Jigsaw Puzzles · 9 January 2010

Jigsaw puzzles are a part of our family Christmas and New Year tradition. My wife, the Mindboggling Mrs. Miyoshi, always gets a puzzle and we all put it together in January. It is a nice way for us all to work together on something even if we are not always working on it at the same time.

I remember putting together jigsaw puzzles since I was a kid. My mom would set up a card table and we would have a great time putting that puzzle together. We would start out getting all the edge pieces and putting the border together. It was a great feeling getting the edges done and knowing how big the puzzle was. Then we would sort the pieces according to their different colors and start putting the picture together.

Of course, it was not always quite such a linear process. Somebody might find two pieces that fit together and put them close to where they might go even before the edges were finished. And on a hard puzzle, we might pick up a piece, compare it to the picture on the box, and set the piece where we thought it should go. Even if that place was in the middle of nowhere – a place in the puzzle where no pieces had yet been fitted.

It is a good thing our mom was patient. We put pieces together that did not fit. We knocked pieces on the floor. We probably even kept her from getting the puzzle done quickly. Still, regardless of how long it took or what the picture was, we had a great time together.

I am not sure whether we did those jigsaw puzzles together during Christmas break, but it makes sense that it was in the winter. Kids can not really spend a couple weeks away from school in the winter building snowmen every day without having something warm to do when they are done. We did not have video games back then and there were only four channels on the TV, so we entertained ourselves with games and jigsaw puzzles.

Today, even though our kids have video games, movies, and lots of channels on the TV, they still like to join in and help my wife and I put together the jigsaw puzzle each year. This year, one of the boys, Thing 2, said something that made my wife a little miffed at how I like to do jigsaw puzzles.

The reason she was miffed started even before I first started teaching which was also before I met The Mindboggling Mrs. Miyoshi. I had to take a leadership class for my Career and Technical Education (CTE) certification. At that class, we were given a task to write down the steps to put together a jigsaw puzzle. Our groups diligently wrote those steps down. When we were given our puzzles to piece together, we found, to our dismay, that the puzzles were not in boxes as they normally would be. There was no picture to refer to either. So we had to correct our instructions to reflect the situation.

In most of my classes, I do this same jigsaw activity each year. The puzzles are small and simple. My experience in my CTE certification class and my yearly activity for my students has led to me doing jigsaw puzzles without looking at the picture. Regardless of how many pieces there are or how difficult it might be, I do not look at the box. Well, I might take a quick look every once in a while, but in my mind, looking at the picture before the puzzle is finished is cheating. Which brings me back to the present time.

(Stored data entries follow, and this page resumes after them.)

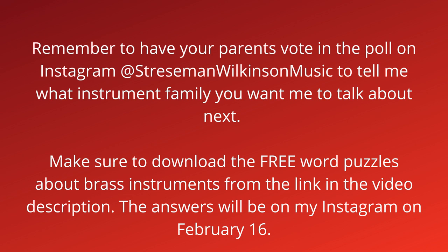Remember to have your parents vote on the poll on Instagram at Stressman Wilkinson Music to tell me what instrument family you want me to talk about next. Make sure to download the free word puzzles about brass instruments from the link in the video description. The answers will be on my Instagram on February 16th.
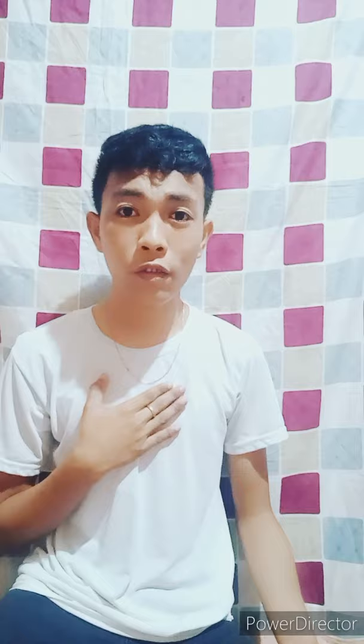Thank you guys for watching and hope you like it and enjoy the activity, and also apply it to your real life. Again, this is Lunidi Cercelejo, Grade 12 Ruby. Bye guys!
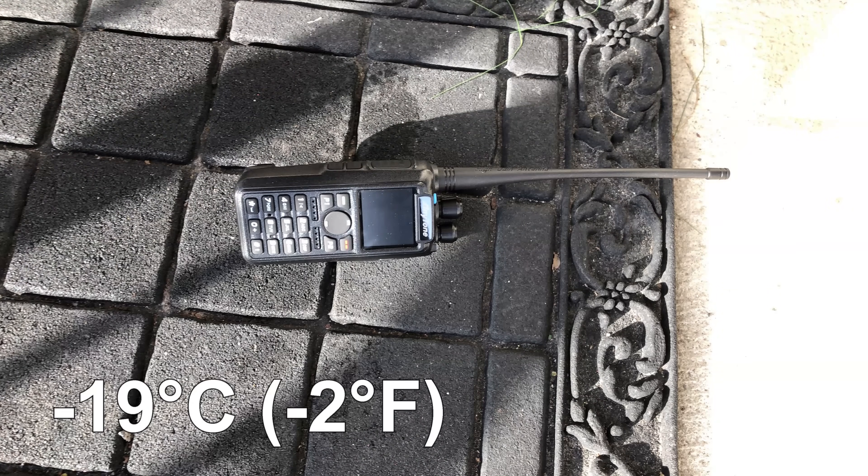I dropped this radio on the floor mat on my outside step when I was leaving home one morning, about four feet above the ground. The floor mat is a very hard rubber sitting directly on the cement. The main thing was it was minus 19 degrees centigrade that morning when I dropped it. I was pretty sure it was going to break, but it didn't do anything — it just fell, and the battery didn't even come off. This is a very rugged unit.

Thing 2 picked out this year’s puzzle as a Christmas gift to his mom. It is a very difficult puzzle because the picture is actually a mosaic of pictures that create a larger picture. Doing the puzzle is like doing puzzles inside puzzles. So when the Mindboggling Mrs. Miyoshi was looking at the picture on the box to help her place some pieces, she was doing what most people do when piecing together a jigsaw puzzle. But Thing 2 stated most emphatically, “You’re cheating!” After all, he had only been around us when doing jigsaw puzzles, and for the most part, we do not look at the picture.

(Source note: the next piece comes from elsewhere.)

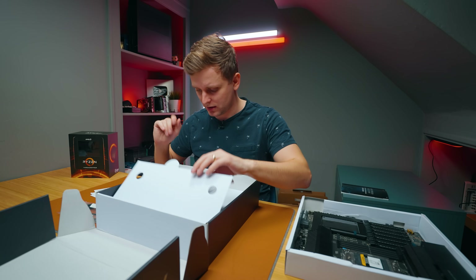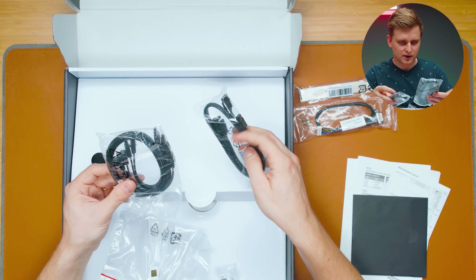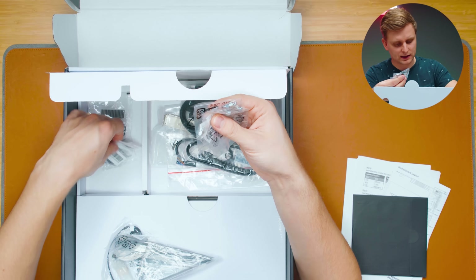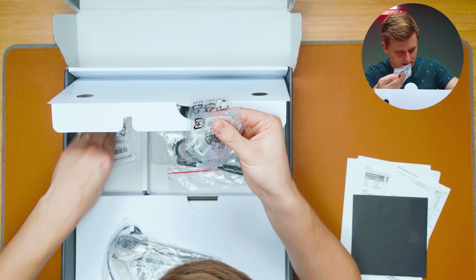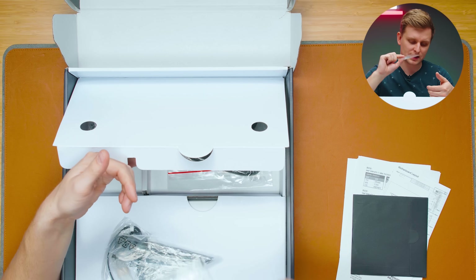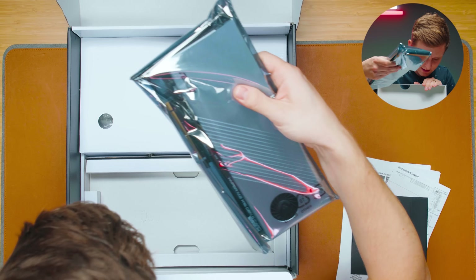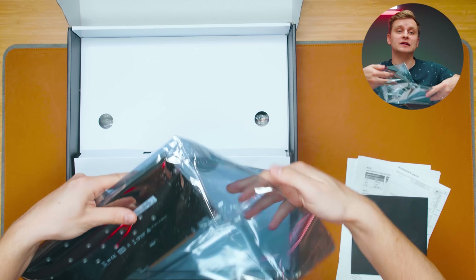There are SATA cables — two here and four more here. We've got M.2 standoffs, stickers for M.2 thermal pads if your SSD chips are on one side only, a front panel extension header, and the Wi-Fi antenna — which interestingly is not magnetic. Then there's this expansion M.2 card that comes with the motherboard.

Even though my wife was miffed at me and my jigsaw puzzle idiosyncrasy, I still laughed inside. My kids think that looking at the picture of the jigsaw puzzle is cheating. I had struck again without even knowing it.

I love our tradition of putting together a jigsaw puzzle each year around Christmas. It is a fun time together and it reminds me of my own childhood. It also lets me know that for good and bad, I put my indelible mark on my own children. And while I hate to give away the “secret” of one of my classroom activities, I love to tell stories of family. I hope you enjoyed this one. And I hope to regale you with many more stories of love, legacy, lunacy, and laughter.